11000100. 00000110. 00010111. 00001110 (196.6.23.14)
11111111. 11111111. 11111100. 00000000 (255.255.252.0)
--------------------------------------------------------
11000100. 00000110. 00010100. 00000000 (result of AND) (196.6.20.0)
|
This works out to be 196.6.20.0, so now our network is 196.6.20 and our hosts can range from those where all the host bits are 0, to those where all the host bits are 1.
Therefore the hosts range from host 0 on network 196.6.20. to host 255 on network 192.6.23. Now, the hosts 196.6.21.145 is on the same network as host 196.6.23.9. Given the fact that every IP address is made up of an IP address plus a Netmask, we then should not ever talk about one without talking about the other.
If I gave you the IP address of 162.15.45.155 I will almost invariably give you a netmask of 255.255.0.0, if I want to be correct, because this is a standard Class B network address and this is the standard Class B Netmask.
Again If I gave you the address 14.186.99.203 then I would almost invariably give you a Netmask of 255.0.0.0 because this is the standard Netmask for Class A networks.
Lastly if I gave you the address 206.19.193.254 then I would give you a Netmask of 255.255.255.0 since this is the standard Class C Netmask.
Type:
ifconfig eth0 [enter]
|
If you have assigned that IP address to the particular NIC you would see the IP address and a Netmask, and the one should never be mentioned without the other, because the Netmask determines which network this particular address is on. It determines what the network and the host parts are.
We will talk more about networks later on, when we talk about routing.
So if we return to our five layer stack, you have the physical layer at the bottom followed by the MAC, the network (commonly called the IP), the transport which is usually connection orientated (TCP) or connectionless (UDP) and finally the application layer.
We have now had a look at the IP layer and note that every single device on the Internet needs a unique IP address in order to communicate with the other device(s).
Having now understood IP and the fact that everything needs an IP address. We can now talk briefly about how information is transferred over the Internet.
What happens when workstation A wants to talk to workstation B?
They have the following IP addresses: Workstation A is 196.6.23.14 and Workstation B is 196.6.23.24
Workstation A does is a broadcast. In other words it broadcasts to every other machine on the Network, with what is called an ARP (Address Resolution Protocol).
It does an ARP and basically what that is, is a broadcast over the network, saying "I want the IP address of Workstation B, but before it can get it 's IP address I need to know what the MAC Address of workstation B"
So by workstation A doing a ARP request, it forces all the workstations on the Network to respond by giving up their MAC addresses. All the workstations on the network respond to this request and Workstation A builds an ARP table.
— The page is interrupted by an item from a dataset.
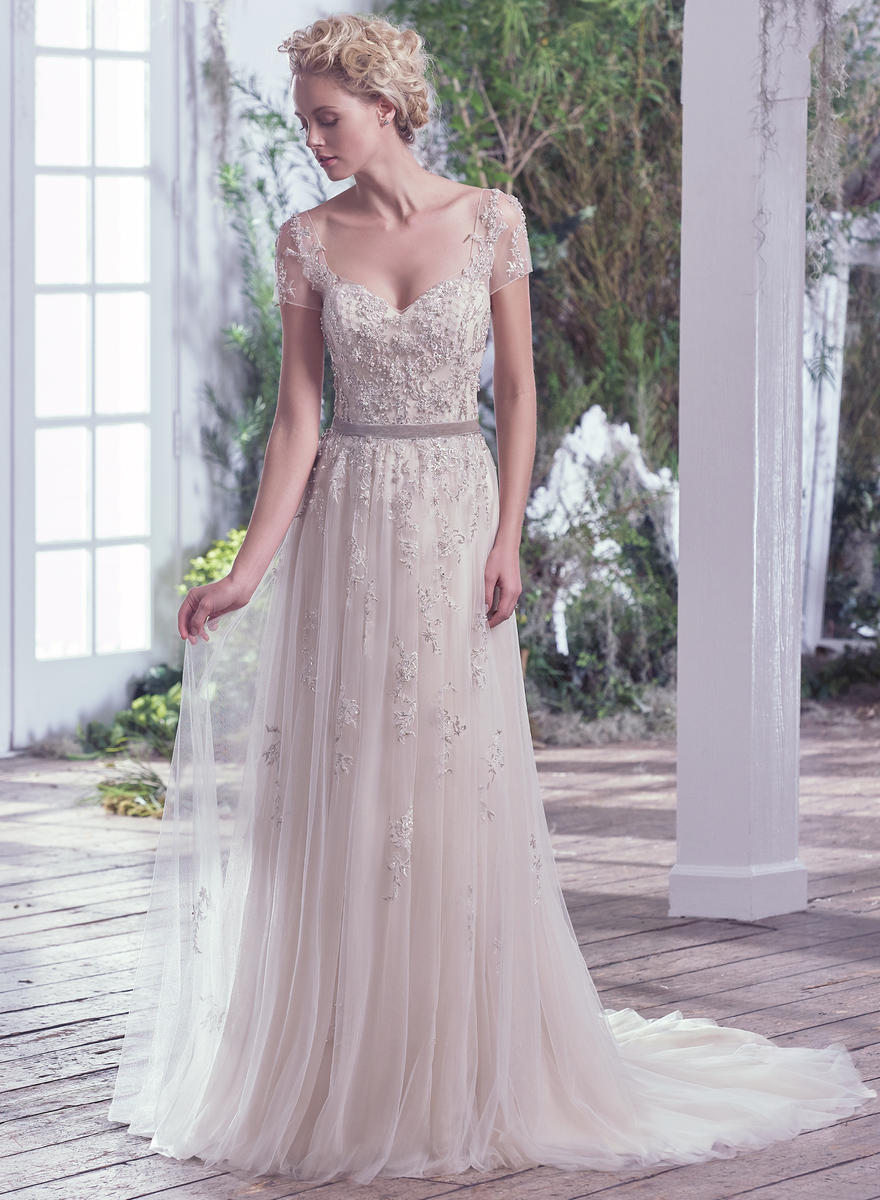 Maggie Bridal by Maggie Sottero Kylie-6MW811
An ARP table will hold all the MAC addresses and hopefully all the IP addresses of everybody on the network.
Testing whether two hosts on a network are alive and can see one another is a fundamental network test. This is done using the Packet Internet Groper command (ping).
Ping 's job is to send an echo request and await an echo reply from the remote host. Thus, two workstations A and B, on the same network can both send and receive echo packets. If workstation A sends an echo to workstation B but does not get a reply, it could mean the remote hosts (workstation B) did not receive the request. Pinging is so fundamental to the troubleshooting of networks that we need a whole section to discuss it. That section appears later. Now however, we can use ping to broadcast to each workstation in order to fill up our arp table. Remember that each time a broadcast request is transmitted over the network, all hosts on the local network will respond to the broadcast. The overall result is that each workstation will have a complete list of hosts on their local network.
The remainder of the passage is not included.